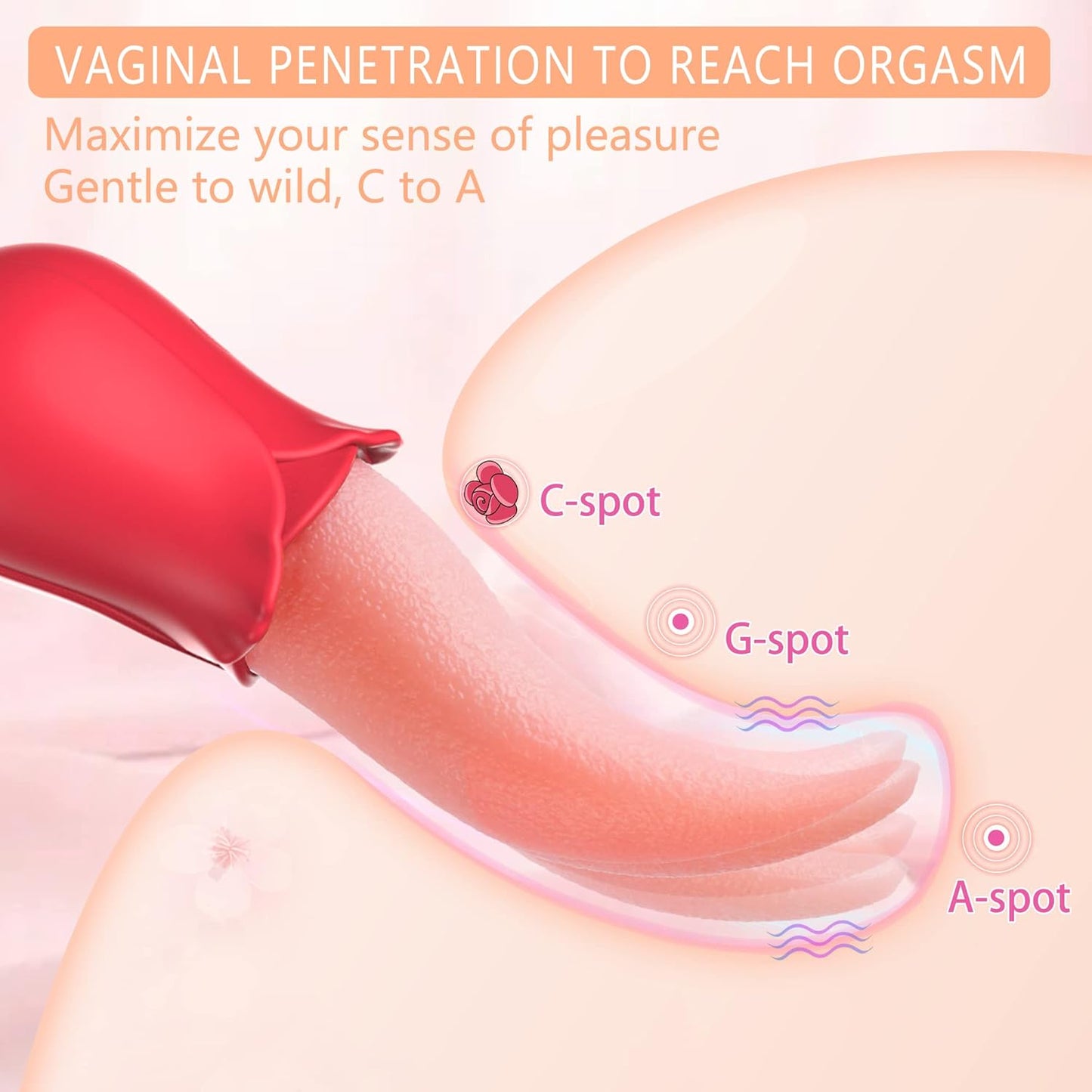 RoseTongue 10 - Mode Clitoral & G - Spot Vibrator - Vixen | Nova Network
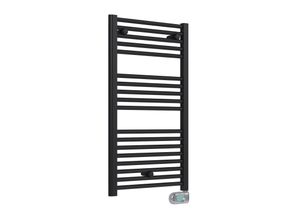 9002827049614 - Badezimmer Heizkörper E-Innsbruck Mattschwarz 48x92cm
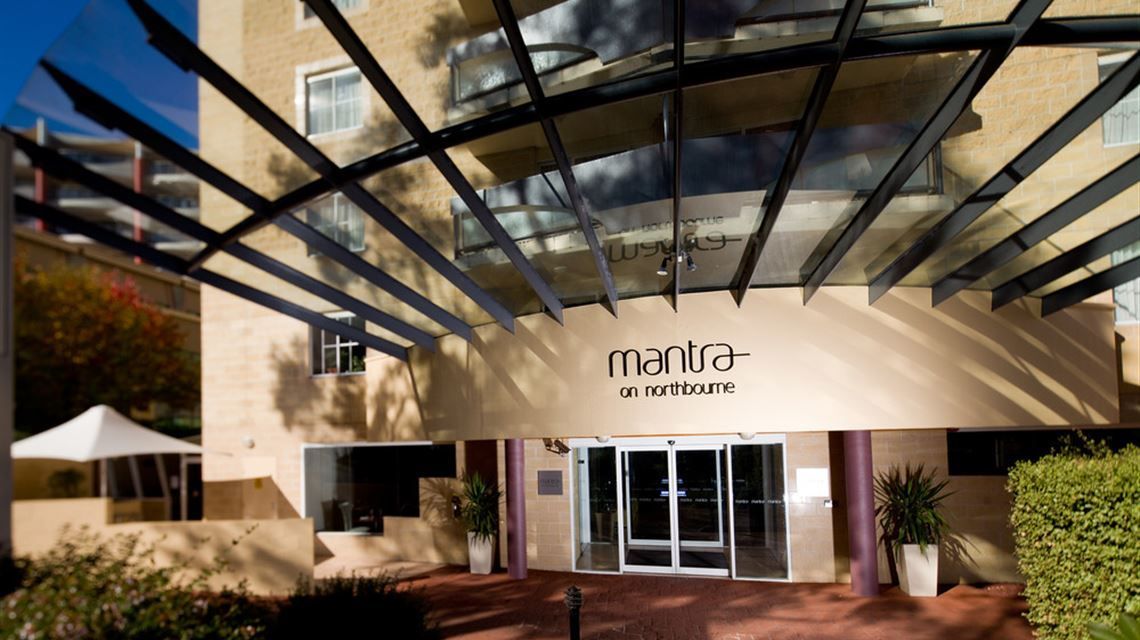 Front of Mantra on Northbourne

######

Output all the data above verbatim, leaving out images.

> RESPONSE AREA:
 RoseTongue 10 - Mode Clitoral & G - Spot Vibrator - Vixen | Nova Network
 9002827049614 - Badezimmer Heizkörper E-Innsbruck Mattschwarz 48x92cm
 Front of Mantra on Northbourne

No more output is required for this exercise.